Files
windmill-git-sync/CLAUDE.md
Bill c838fa568c Initial commit: Windmill Git Sync service
Add containerized service for syncing Windmill workspaces to Git repositories.

Features:
- Flask webhook server for triggering syncs from Windmill
- wmill CLI integration for pulling workspace content
- Automated Git commits and push to remote repository
- Network-isolated (only accessible within Docker network)
- Designed to integrate with existing Windmill docker-compose files

Key components:
- Docker container with Python 3.11, wmill CLI, Git, and Flask
- Sync engine with error handling and logging
- External volume support for persistent workspace data
- Comprehensive documentation (README.md and CLAUDE.md)
2025-11-08 18:40:26 -05:00

166 lines
7.0 KiB
Markdown

# CLAUDE.md
This file provides guidance to Claude Code (claude.ai/code) when working with code in this repository.
## Project Overview
This is a containerized service for synchronizing Windmill workspaces to Git repositories. The service provides a Flask webhook server that Windmill can call to trigger automated backups of workspace content to a remote Git repository.
### Architecture
The system consists of three main components:
1. **Flask Web Server** (`app/server.py`): Lightweight HTTP server that exposes webhook endpoints for triggering syncs and health checks. Only accessible within the Docker network (not exposed to host).

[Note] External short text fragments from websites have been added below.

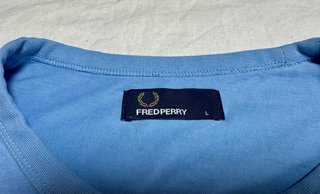 Camiseta Fred Perry Azul con Logo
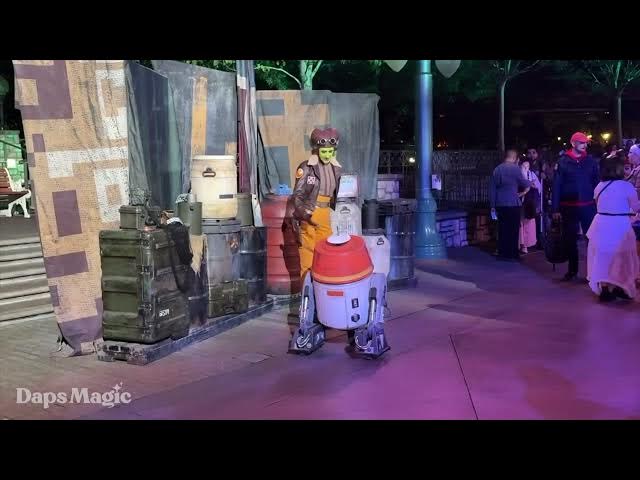 Video thumbnail for Hera Syndulla & Chopper | Disneyland After Dark: Star Wars Nite 4K 🛰️🧡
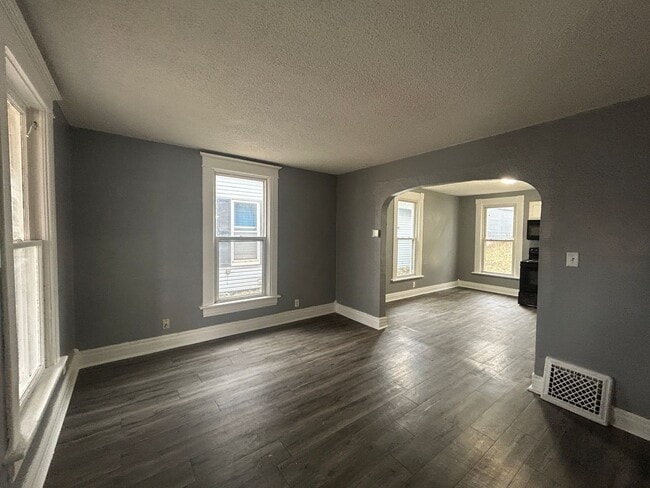 Building Photo - 3 Bedroom, 2 Bath house in East Moline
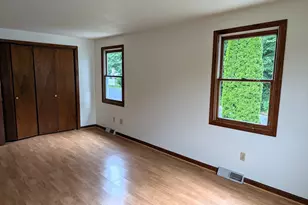 22 Pine Needle Ln, Springfield, MA 01118 - Photo 10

2. **Sync Engine** (`app/sync.py`): Core logic that orchestrates the sync process:
- Pulls workspace content from Windmill using the `wmill` CLI
- Manages Git repository state (init on first run, subsequent updates)
- Commits changes and pushes to remote Git repository with PAT authentication
- Handles error cases and provides detailed logging
3. **Docker Container**: Bundles Python 3.11, wmill CLI, Git, and the Flask application. Uses volume mounts for persistent workspace storage.
### Key Design Decisions
- **Integrated with Windmill docker-compose**: This service is designed to be added as an additional service in your existing Windmill docker-compose file. It shares the same Docker network and can reference Windmill services directly (e.g., `windmill_server`).

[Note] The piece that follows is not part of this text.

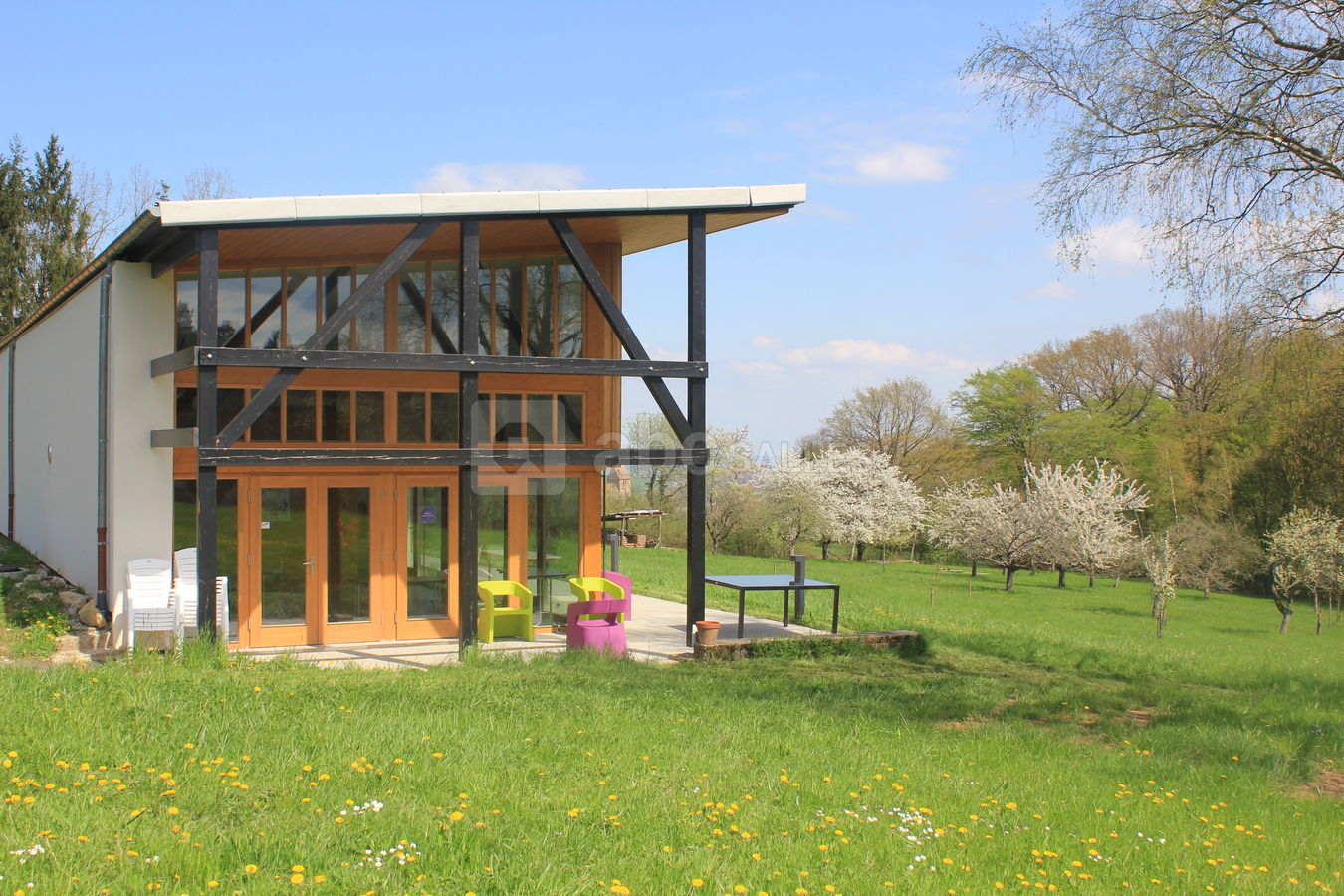 Pavillon (salle de réunion + gîte)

- **Network isolation**: Service uses `expose` instead of `ports` - accessible only within Docker network, not from host machine. No authentication needed since it's isolated.
- **Webhook-only triggering**: Sync happens only when explicitly triggered via HTTP POST to `/sync`. This gives Windmill full control over backup timing via scheduled flows.

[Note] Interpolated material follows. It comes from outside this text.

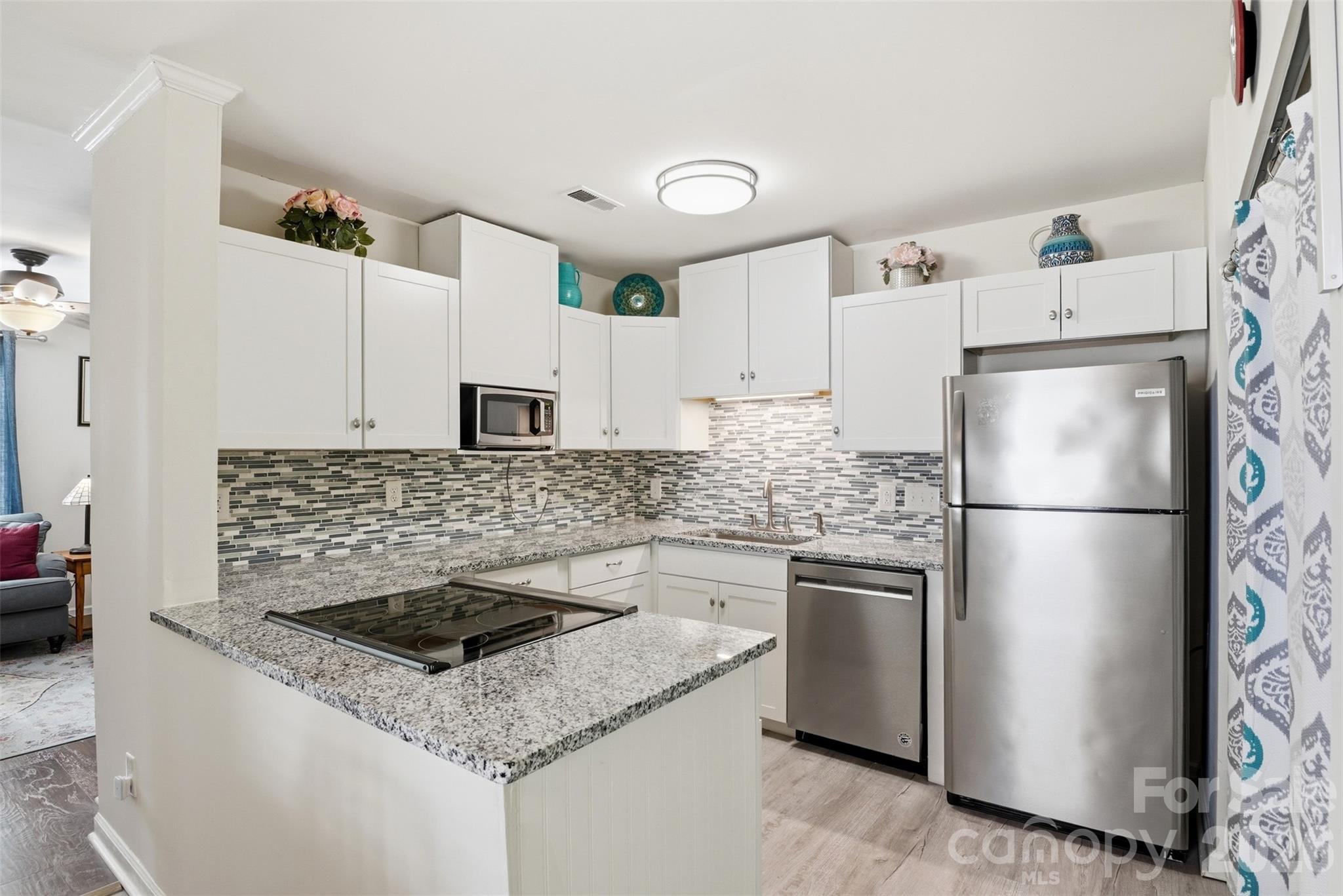 6027 Crape Myrtle Lane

- **HTTPS + Personal Access Token**: Git authentication uses PAT injected into HTTPS URL (format: `https://TOKEN@github.com/user/repo.git`). No SSH key management required.
- **Stateless operation**: Each sync is independent. The container can be restarted without losing state (workspace data persists in Docker volume).
- **Single workspace focus**: Designed to sync one Windmill workspace per container instance. For multiple workspaces, run multiple containers with different configurations.
## Common Development Commands
### Build and Run
```bash
# Build the Docker image
docker-compose build
# Start the service
docker-compose up -d
# View logs
docker-compose logs -f
# Stop the service
docker-compose down
```
### Testing
```bash
# Test the sync manually (from inside container)
docker-compose exec windmill-git-sync python app/sync.py
# Test webhook endpoint (from another container in the network)
docker-compose exec windmill_server curl -X POST http://windmill-git-sync:8080/sync
# Health check (from another container in the network)
docker-compose exec windmill_server curl http://windmill-git-sync:8080/health
```
### Development Workflow
```bash
# Edit code locally, rebuild and restart
docker-compose down
docker-compose up -d --build
# View live logs during testing
docker-compose logs -f windmill-git-sync
# Access container shell for debugging
docker-compose exec windmill-git-sync /bin/bash
# Inspect workspace directory
docker-compose exec windmill-git-sync ls -la /workspace
```
## Environment Configuration
All configuration is done via `.env` file (copy from `.env.example`). Required variables:
- `WINDMILL_TOKEN`: API token from Windmill for workspace access
- `WORKSPACE_VOLUME`: External Docker volume name for persistent workspace storage (default: `windmill-workspace-data`)
- `GIT_REMOTE_URL`: HTTPS URL of Git repository (e.g., `https://github.com/user/repo.git`)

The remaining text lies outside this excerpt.